One can't visit Croatia without taking note of its two principal resources – its people and its amazingly beautiful coastline. The people are wonderful: friendly, attractive, hard working, conversant in English for the most part – many of them fluent – and optimistic, despite a national government situation that remains dysfunctional enough to delay membership in the European Union. It's a bit disconcerting to discover that most everyone in the country looks back fondly and longingly on the days of Balkan unification under Tito. The movement toward a western market economy has been haphazard, set back periodically by the kleptocrats. But unlike much of western Europe, anti-Americanism doesn’t seem to have taken root in Croatia. Even in the market tumbling days of mid-2009, you could hear the U.S. referred to in Croatia as "Dreamland."
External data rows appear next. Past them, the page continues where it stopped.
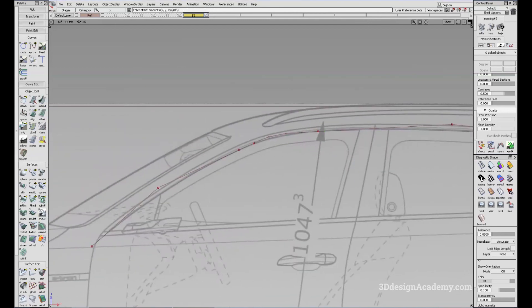And that's the align tool. That concludes this lesson. Thank you guys for watching.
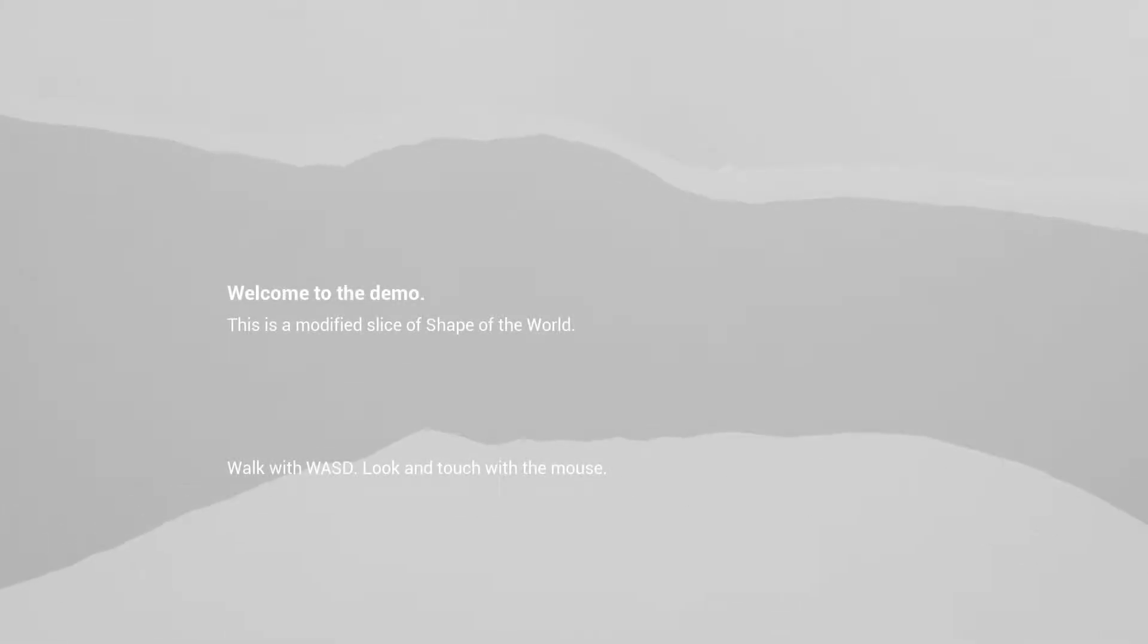Okay, welcome to the demo. This is a modified slice of Shape of the World. Walk with WASD. Look and touch with the mouse. Okay. So right now, everything is completely white.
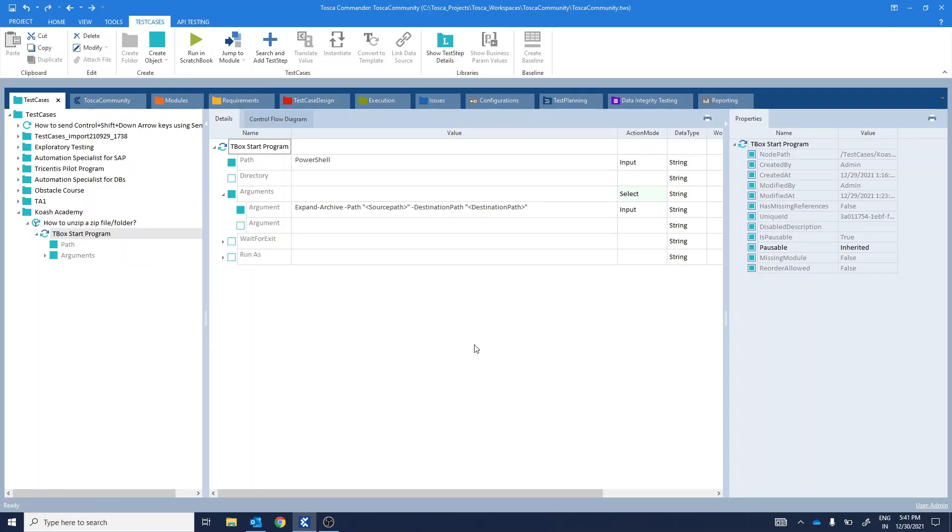Hello and welcome to Kosh Academy. Unwinding the Kosh of your knowledge. In this particular video, we'll be unzipping a file or folder using Tricentis Tosca.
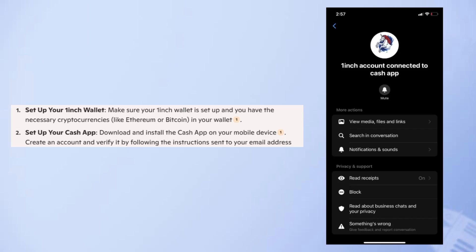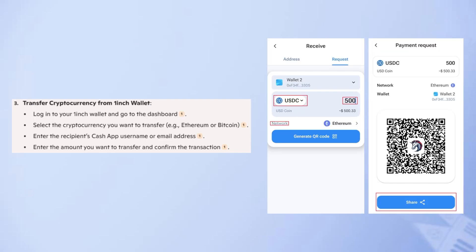Create an account and verify it by following the instructions and entering your email address. Then log into your 1inch wallet and go to the dashboard.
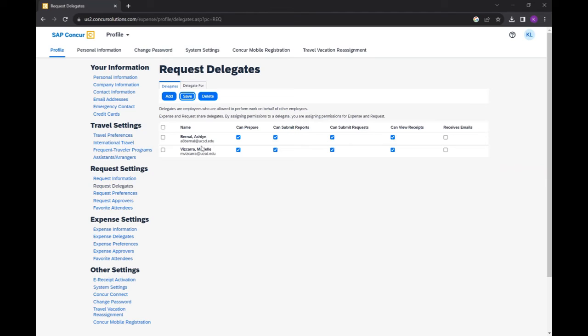If you prefer to set up an expense delegate, even though they do share the same permissions with the Request Delegate, perform the same procedure and in Profile Settings, select Expense Delegates.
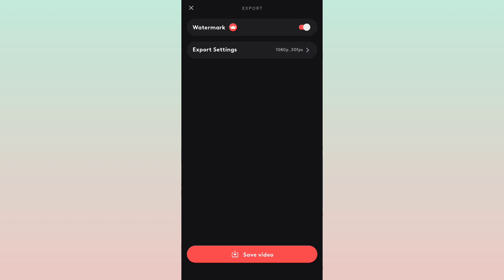Click on the export option and go to export settings — 1080p, 30fps or 50fps. Select the frame rate and click export. Click save video. Now I will download the mode app and click the save button.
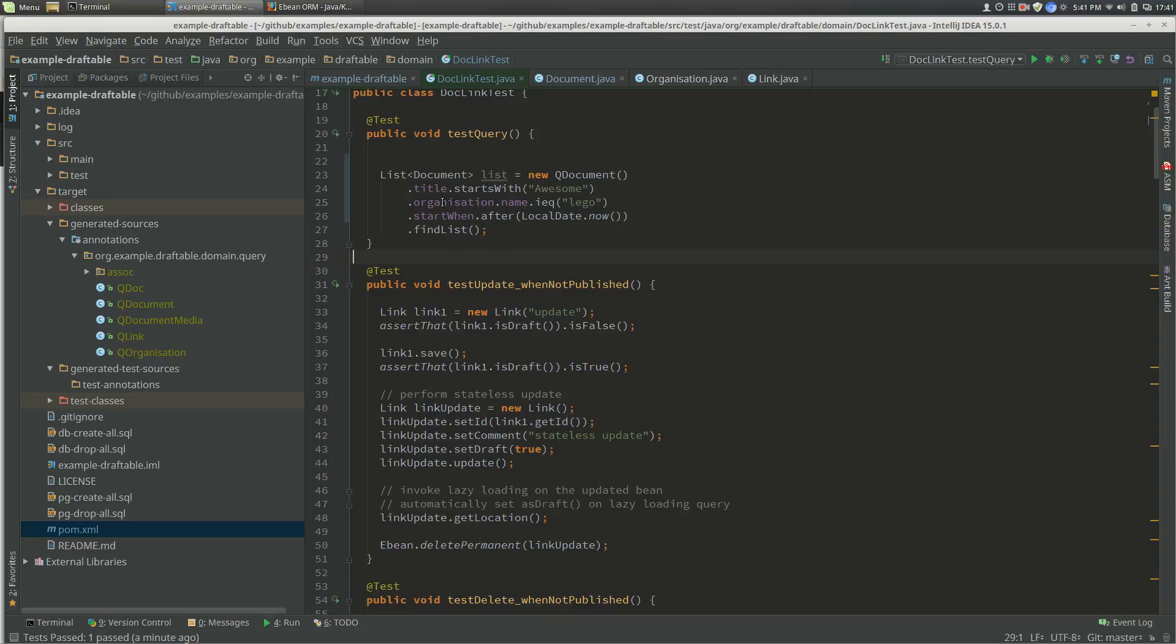As soon as you change the entity beans and compile, the query beans will be regenerated, and you'll get your queries failing to compile, telling you that something's changed in terms of the structure of the entity beans. That's it. Hopefully that's pretty good.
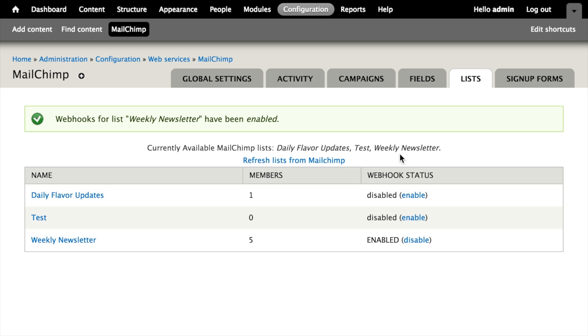Finally, whenever Drupal receives a webhook from MailChimp, it also triggers a hook that modules can implement, documented in the mailchimp.api.php file. So if you ever need to write custom code that responds to actions taken on a user's account in your mailing list, you can implement that hook and do so.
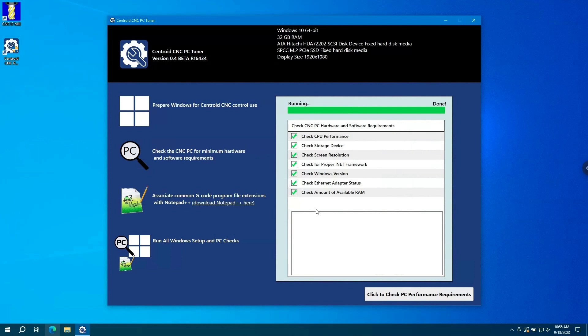Now let's say you ran through all the checks and didn't have Notepad++ installed. Well, we have a handy download link right here for Notepad++. You can click on that and it takes you right to the Notepad++ download page where you can download and install the software.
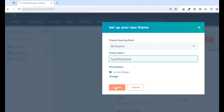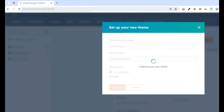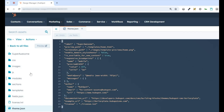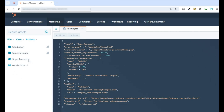So with all that done, I'm going to click Create. In just a few seconds, you're going to see the Super Awesome theme opened up to the theme.json file in the location that you specified. So in just about five clicks, you can have a boilerplate installed in the Design Manager and ready for you to start creating your theme for the template marketplace.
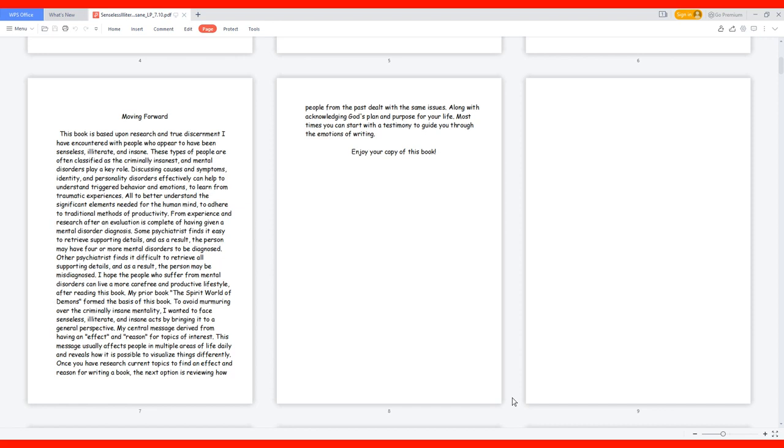My prior book, The Spirit World of Demons, formed the basis of this book. To avoid murmuring over the criminally insane mentality, I wanted to face senseless, illiterate, and insane acts by bringing it to a general perspective.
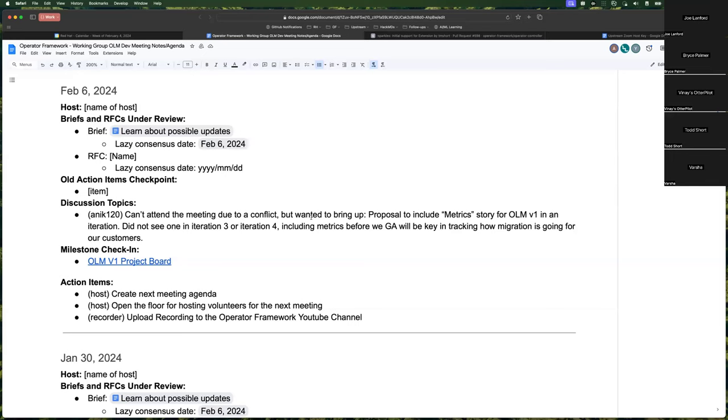Looks like Onik added a discussion topic here. He can't attend, but essentially proposing that we start talking about what metrics we want to include in OLM v1 beyond just what's standard in the controller runtime metrics. Looks like we don't have anything planned for it in iteration three or iteration four, but that's something we'll want to do before GA. So if anyone has any thoughts or ideas here or questions or comments, we can talk about it.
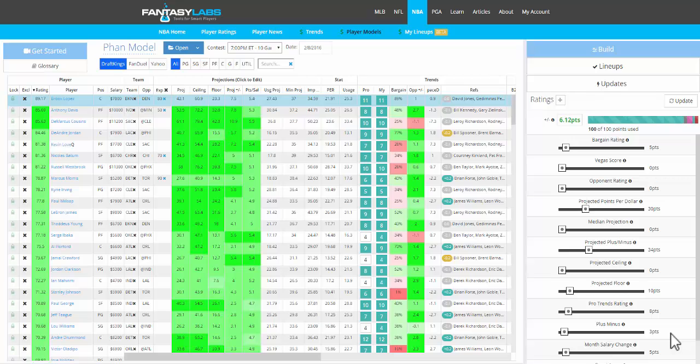Hey everyone, this is Bales. I'm at Fantasy Labs, and we just added two new features to our multi-lineup and exposure tool that I think are really cool. So I just wanted to make a really quick video showing you how to use those.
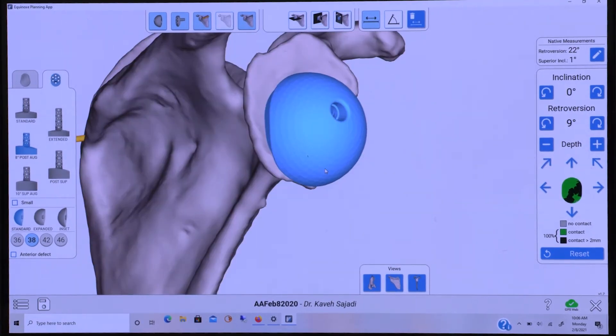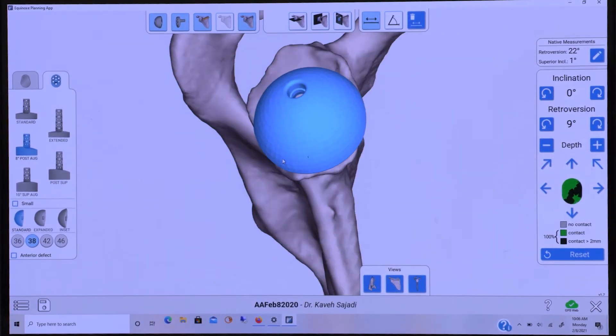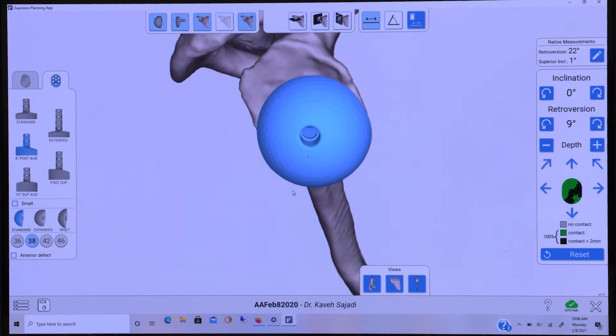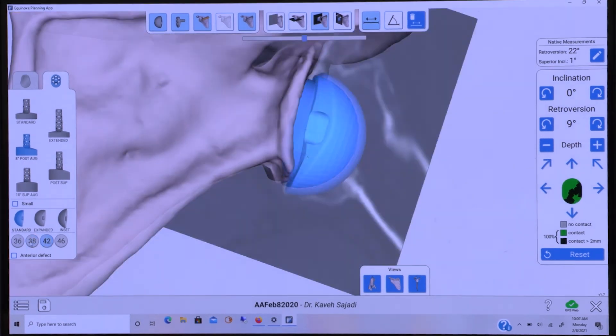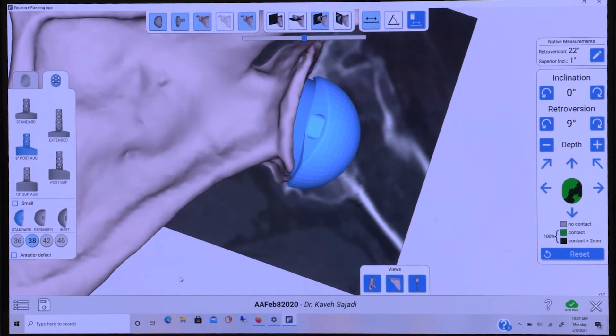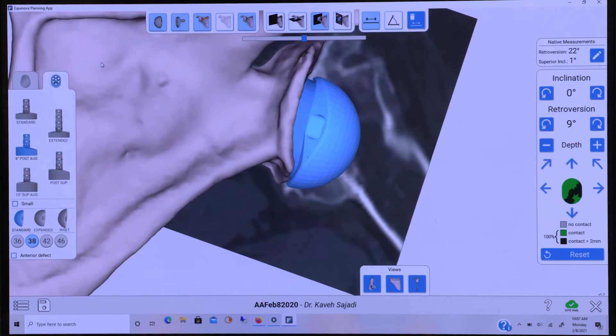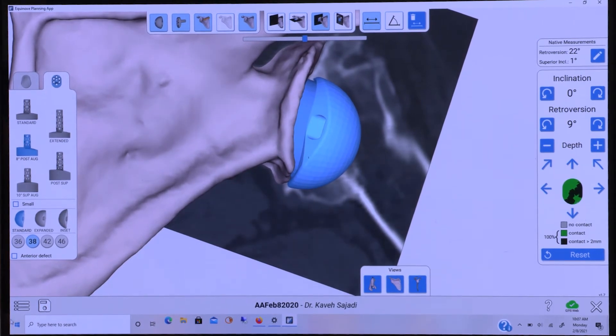The planning software also allows us to choose the appropriate size glenosphere for the patient, trialing both the 42 and the 38 glenospheres, ultimately selecting the 38.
They don't know how good they have it there. Their coastline is one of the world's great treasures, as I discovered on a weekend rental car excursion down to Dubrovnik. The first weekend I had taken the bus into Rijeka and the adjacent coastal resort of Opatia. Very impressive, but the true wonders awaited the journey south.

Dubrovnik was where I put the inflamed foot to the test of several hours walking, and it passed admirably. After three weeks in health camp, I flew back to London from Zagreb, the Croatian capital, with the European summer back on. Saw some more beautiful places, but it didn't get any better than Croatia.